Fifth, our data elucidate various structural requirements for the interaction of FANCC with the FANCA/FANCG complex. Our previous studies30 demonstrated that the amino terminal NLS region of FANCA is required for FANCC binding. Because the NLS region of FANCA binds directly to FANCG, FANCA/FANCG binding appears to be required for FANCC binding in the complex. Also, point mutations in the leucine zipper region of FANCA disrupt the FANCC interaction, suggesting that this FANCA region also contributes to FANCC binding. Finally, in the current study, the three FANCG mutant proteins, FANCG 1-428, FANCGΔexon13, and FANCG 1749ΔA, bind FANCA but fail to recruit FANCC to the complex.
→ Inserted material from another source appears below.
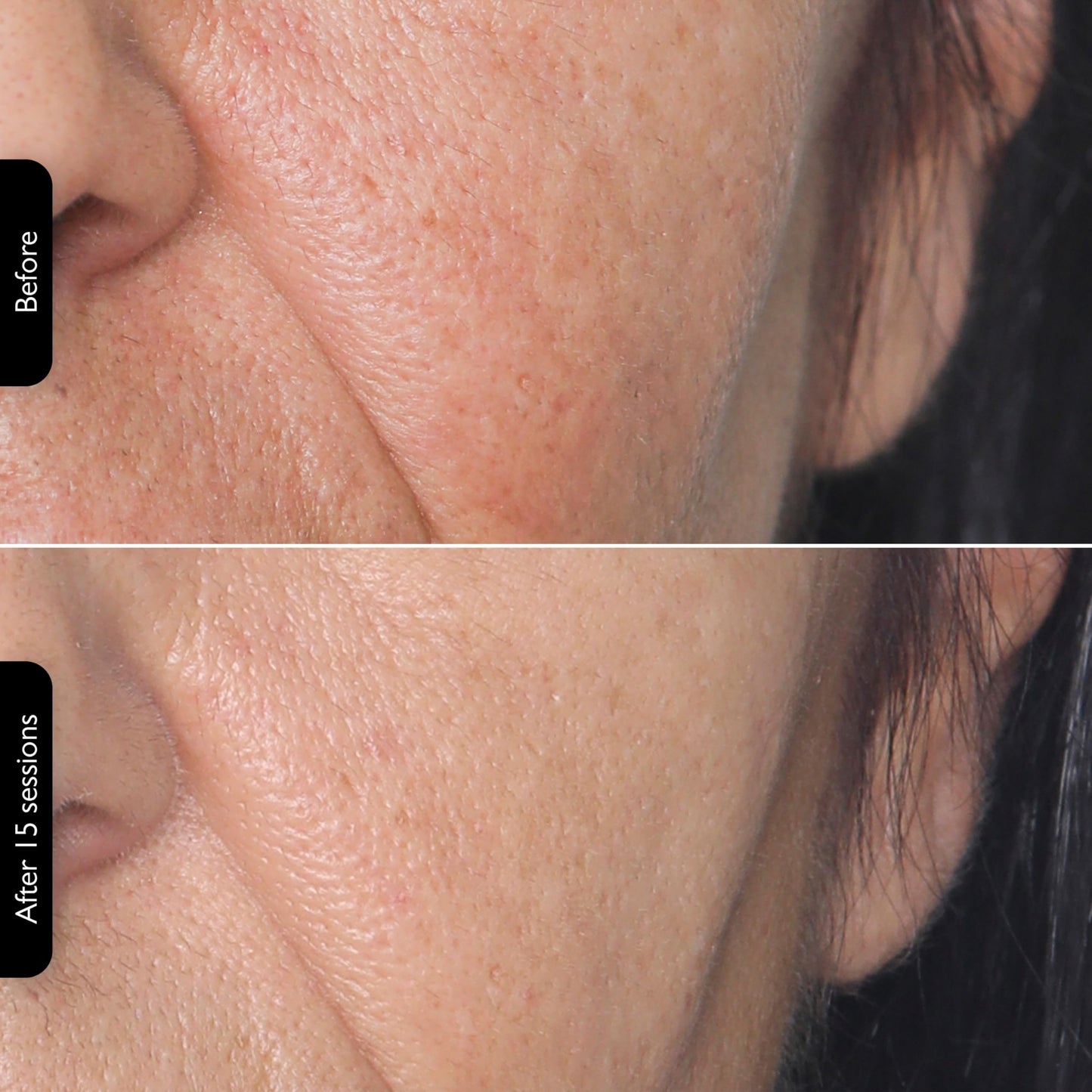 Silk’n Titan Multiplatform At-Home 3-in-1 Radio Frequency Skin Tightening Device for Face and Neck, Combines RF with Low-Level Laser Therapy & Red Light Therapy, with Thermal Sensor, Cordless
These results demonstrate that the carboxy terminal region of FANCG is required for FANCC interaction with the complex.

The FANCG1749ΔA mutant protein appears to be representative of a class of patient-derived mutant FANCG proteins. This patient-derived mutant protein binds in a complex with FANCA but fails to bind to FANCC and fails to function. Identification of other FANCG truncation or missense mutations in FA-G patients by mutational screening may help to delineate the precise C-terminal functional domain of FANCG.

It is interesting that mutant forms of FA proteins bind and form complexes with other endogenous wild-type FA proteins. For instance, previous studies24,44 have shown that the FANCA mutant protein, FANCA(H1110P), forms a complex with wild-type FANCG. In the current study, we have shown that the carboxy terminal truncated forms of FANCG bind wild-type FANCA. Whether or not these mutant proteins have dominant negative activity in vitro or account for the phenotypic variation among FA patients remains to be determined. Our observations demonstrate that formation of the FANCA/FANCG protein complex is necessary but not sufficient for functional activity of the FA pathway. Similarly, in FA-D cells the FA protein complex forms normally, yet these cells remain sensitive to MMC.27 

Finally, our results confirm and extend the results of Kruyt et al.45 These investigators determined that the amino terminal 36 amino acids of FANCA form a novel interaction with the FANCG protein and identified two different carboxy terminal regions of FANCG (encompassing amino acids 400-475 and 585-622) required for FANCA binding. However, these investigators failed to detect FANCC binding in the FANCA/FANCG complex, although the FANCC interaction has been verified by other independent investigators.25,26 Our results confirm the contribution of FANCG amino acids 400-428 to FANCA binding and demonstrate that the carboxy terminus of FANCG (amino acid 585-622) is required for FANCC binding and optimum FANCA binding in the complex. Indeed, our data demonstrate that FANCC binding stabilizes the FANCA/FANCG interaction, because the FANCG1749ΔA mutant (lacking amino acids 583-622) binds less well to wild-type FANCA (Figure 6). Our results demonstrate by 2-hybrid analysis that the FANCA/FANCG binding is direct and support the presence of a partial binding site within the amino terminal two-thirds of FANCG. This FANCG binding site is sufficient for FANCA binding and nuclear accumulation of the complex, but it is insufficient for FANCC binding, stabilization of the FA complex in the nucleus, or biological function.

We thank members of the D'Andrea laboratory for helpful discussions.